At the start of a microbatch topology, processing is always on task 0. explodeMicrobatch
emits every piece of data in this microbatch across all tasks, and the code after explodeMicrobatch
runs in parallel across all partitions. From there, the code can be written exactly the same as a stream topology.
There are many use cases where you would call explodeMicrobatch
multiple times for a single source
, usually in conjunction with additional features of microbatching that provide increased computational expressiveness. These features include subbatch processing, two-phase aggregation, temporary PStates, and more. See the page on microbatch topologies for more details.

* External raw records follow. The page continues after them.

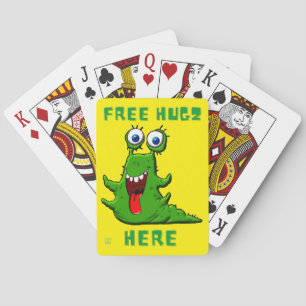 Baraja De Cartas tarjetas divertidas "ABRAZOS GRATIS..."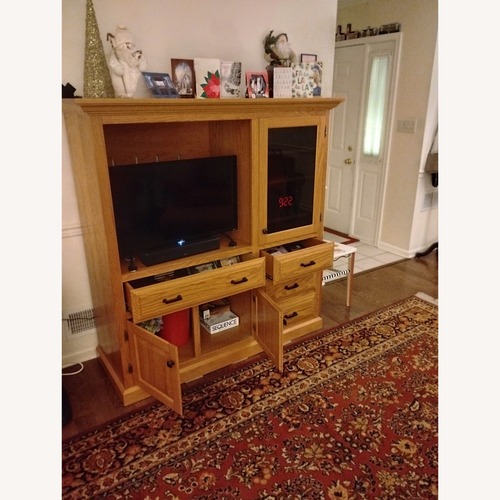 Used Vintage/Antique Finds Natural Wood Bookcase for sale on AptDeco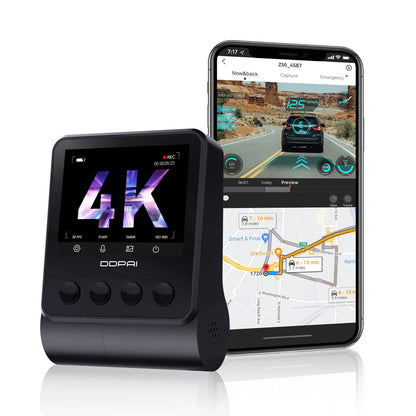 DDPAI Z50 Предна камера за кола DDPAI Z50, 4K, Wi-Fi, GPS, 2,3-инчов дисплей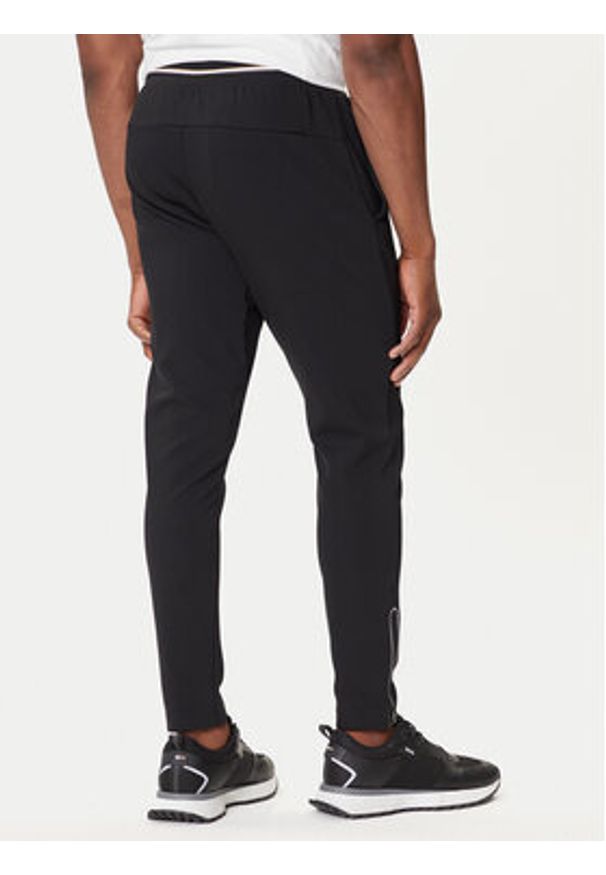 BOSS Spodnie dresowe Hicon 50542940 Czarny Regular Fit. Kolor: czarny. Materiał: syntetyk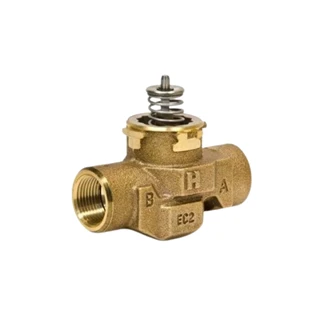 Honeywell Home 1-utú szabályozó/zónaszelep, (motor külön tételben), 1", BM, PN20, max 95°C, (kvs=5,7) VCZAP1100/U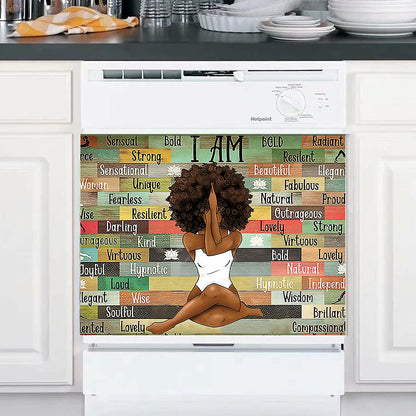I Am - African American Dishwasher Cover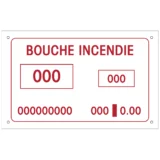 Panneau Bouche Incendie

A microbatch iteration can take anywhere from a couple hundred milliseconds to many seconds, depending on the complexity of processing and the amount of incoming data. But because there’s so much less overhead per record of data, due to everything being batched together, microbatch topologies can handle much higher throughput than stream topologies.
Another advantage of microbatch topologies is its simple fault-tolerance semantics: microbatch topologies guarantee exactly-once semantics for the results of processing into PStates regardless of failures and retries. You can read more about this and other details of microbatching on this page.
Lastly, unlike stream topologies microbatch topologies do not integrate with depot appends. It wouldn’t be desirable anyway due to the much higher latency of processing with microbatching.
Summary of tradeoffs
Here is a table summarizing the tradeoffs between stream and microbatch topologies:
Type | Latency | Throughput | Fault-tolerance | Depot append integration |
---|---|---|---|---|
Stream |
Few millis |
Medium |
At-least once or at-most once |
Yes |
Microbatch |
Hundreds of millis |
High |
Exactly-once |
No |
Summary
Rama’s ETL types give you the computational primitives to tackle any realtime use case with scalability, performance, and fault-tolerance built-in. In the next section, you’ll combine your newfound knowledge with the information from previous sections to build a real project end-to-end.